Please set down only the lines from the one containing "this 640×480 image." through the end of the entries below, exactly, minus any pictures.

Given data
##########

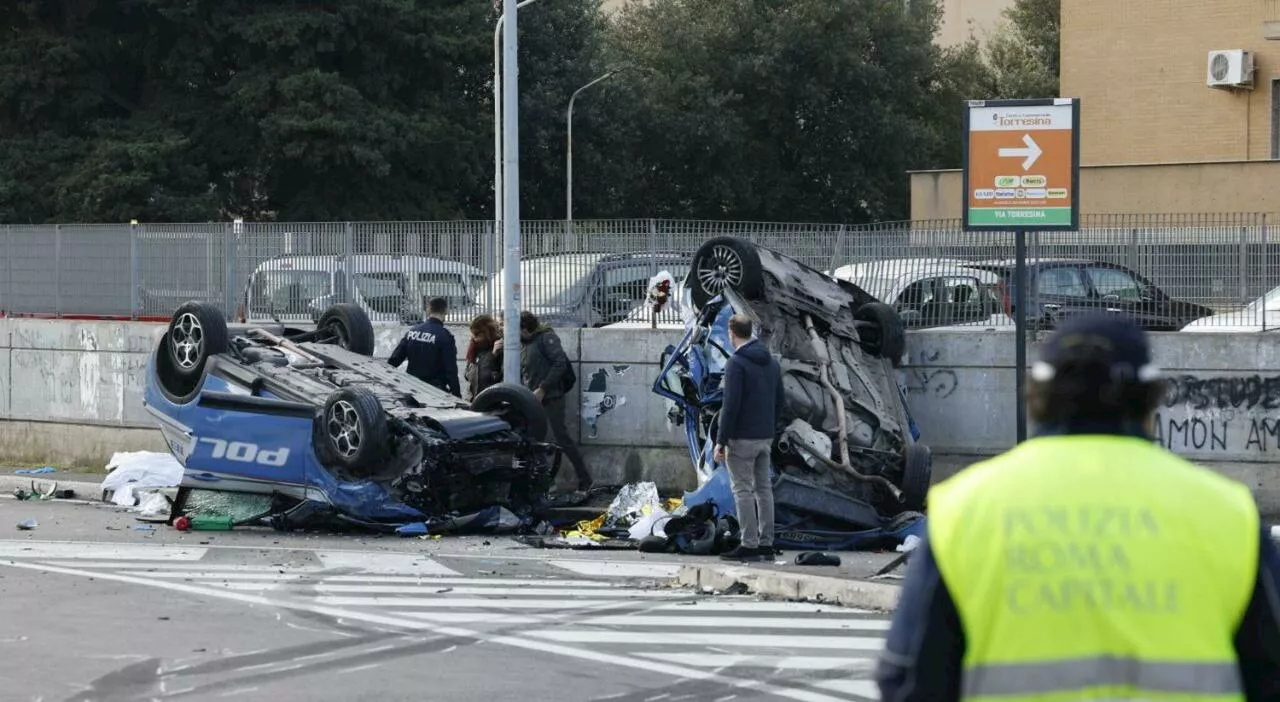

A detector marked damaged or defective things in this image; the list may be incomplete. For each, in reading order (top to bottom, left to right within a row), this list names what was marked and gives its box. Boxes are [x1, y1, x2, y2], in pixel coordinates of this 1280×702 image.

overturned dark car [144, 299, 555, 532]
shattered car undercarriage [142, 299, 558, 532]
overturned dark car [660, 238, 931, 550]
shattered car undercarriage [660, 238, 931, 550]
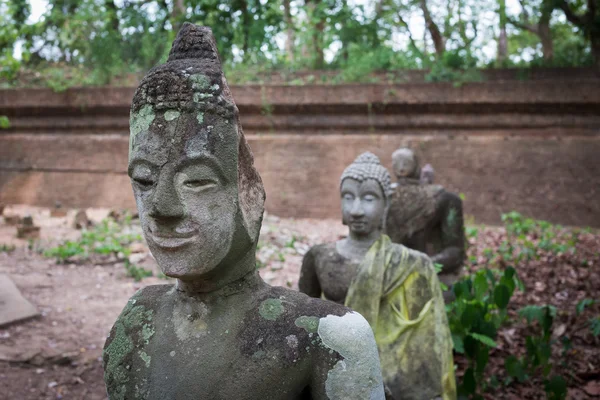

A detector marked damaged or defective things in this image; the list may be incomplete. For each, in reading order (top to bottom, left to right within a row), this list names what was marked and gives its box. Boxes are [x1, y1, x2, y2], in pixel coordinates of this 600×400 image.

partially damaged arm [300, 245, 324, 298]
partially damaged arm [432, 191, 468, 276]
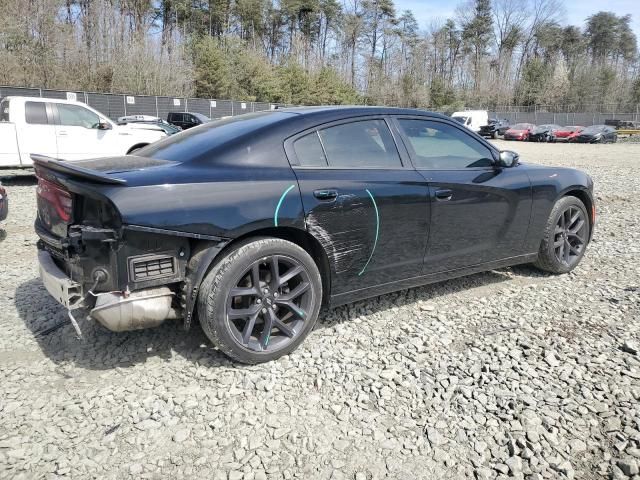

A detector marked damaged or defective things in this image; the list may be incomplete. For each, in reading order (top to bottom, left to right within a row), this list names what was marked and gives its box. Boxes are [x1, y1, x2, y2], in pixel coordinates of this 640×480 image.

damaged black sedan [33, 108, 596, 364]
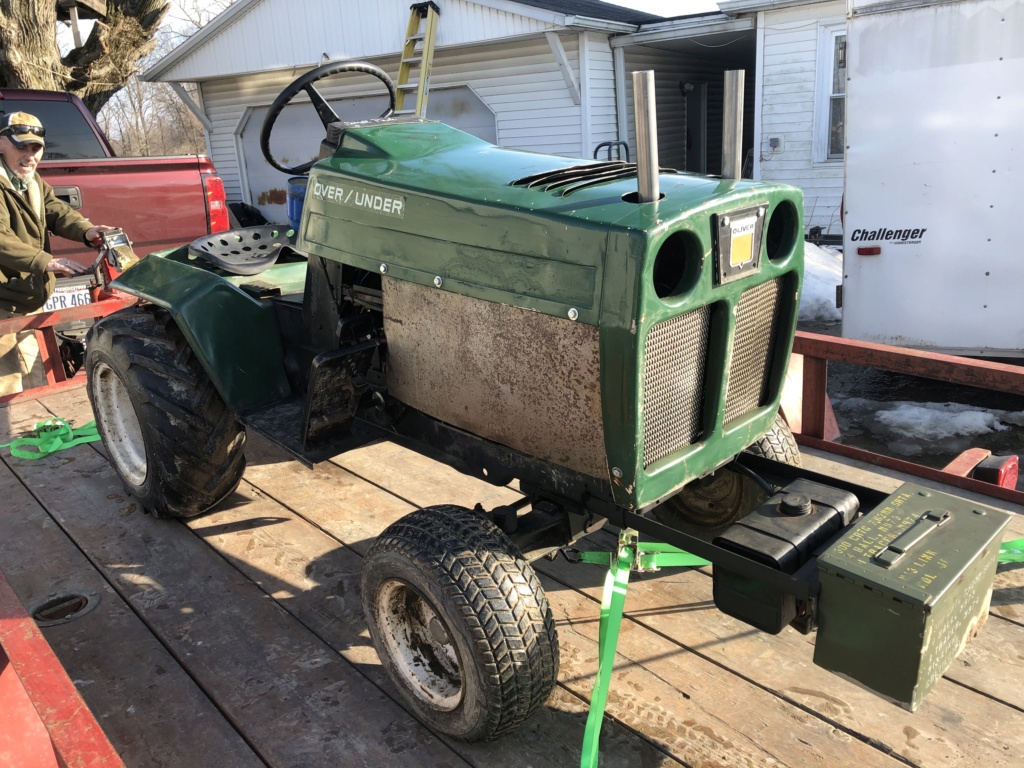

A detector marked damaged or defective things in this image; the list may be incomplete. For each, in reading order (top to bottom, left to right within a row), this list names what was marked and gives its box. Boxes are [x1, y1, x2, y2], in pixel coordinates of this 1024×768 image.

rusty metal side panel [385, 276, 606, 481]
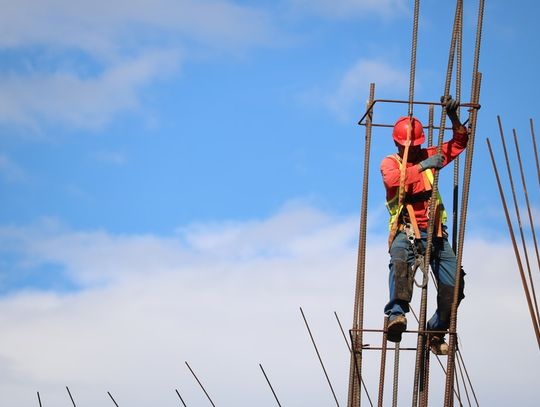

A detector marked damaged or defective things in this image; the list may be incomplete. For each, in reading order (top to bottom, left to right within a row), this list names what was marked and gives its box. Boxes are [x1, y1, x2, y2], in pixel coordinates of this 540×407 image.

rusty rebar rod [348, 81, 374, 406]
rusty rebar rod [486, 139, 540, 350]
rusty rebar rod [498, 118, 540, 322]
rusty rebar rod [512, 131, 540, 274]
rusty rebar rod [186, 364, 217, 407]
rusty rebar rod [258, 364, 282, 406]
rusty rebar rod [300, 308, 338, 406]
rusty rebar rod [336, 314, 374, 406]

##########

Answer to this task
A detector marked damaged or defective things in this image; the list may be incomplete. For each, in reading order (top to bottom, left to right within a row), this list names what was marked and gives its box. Boxes are [x1, y1, x2, y2], in pixel coordinates of this 640×480 image.

damaged black sedan [33, 108, 596, 364]

A detector marked damaged or defective things in this image; the list may be incomplete. For each, in reading order (top to bottom, left to right within a row), this list names what was marked and gives its box. Boxes are [x1, y1, x2, y2], in pixel coordinates of this 1024×768 image.

rusty metal side panel [385, 276, 606, 481]

A detector marked damaged or defective things in this image; the list may be incomplete. For each, in reading order (top to bottom, left to right within a row), this list names what was marked and gives its box. Boxes are [x1, y1, x2, y2], in pixel coordinates of this 540×407 image.

rusty rebar rod [348, 81, 374, 406]
rusty rebar rod [486, 139, 540, 350]
rusty rebar rod [498, 118, 540, 322]
rusty rebar rod [512, 131, 540, 274]
rusty rebar rod [186, 364, 217, 407]
rusty rebar rod [258, 364, 282, 406]
rusty rebar rod [300, 308, 338, 406]
rusty rebar rod [336, 314, 374, 406]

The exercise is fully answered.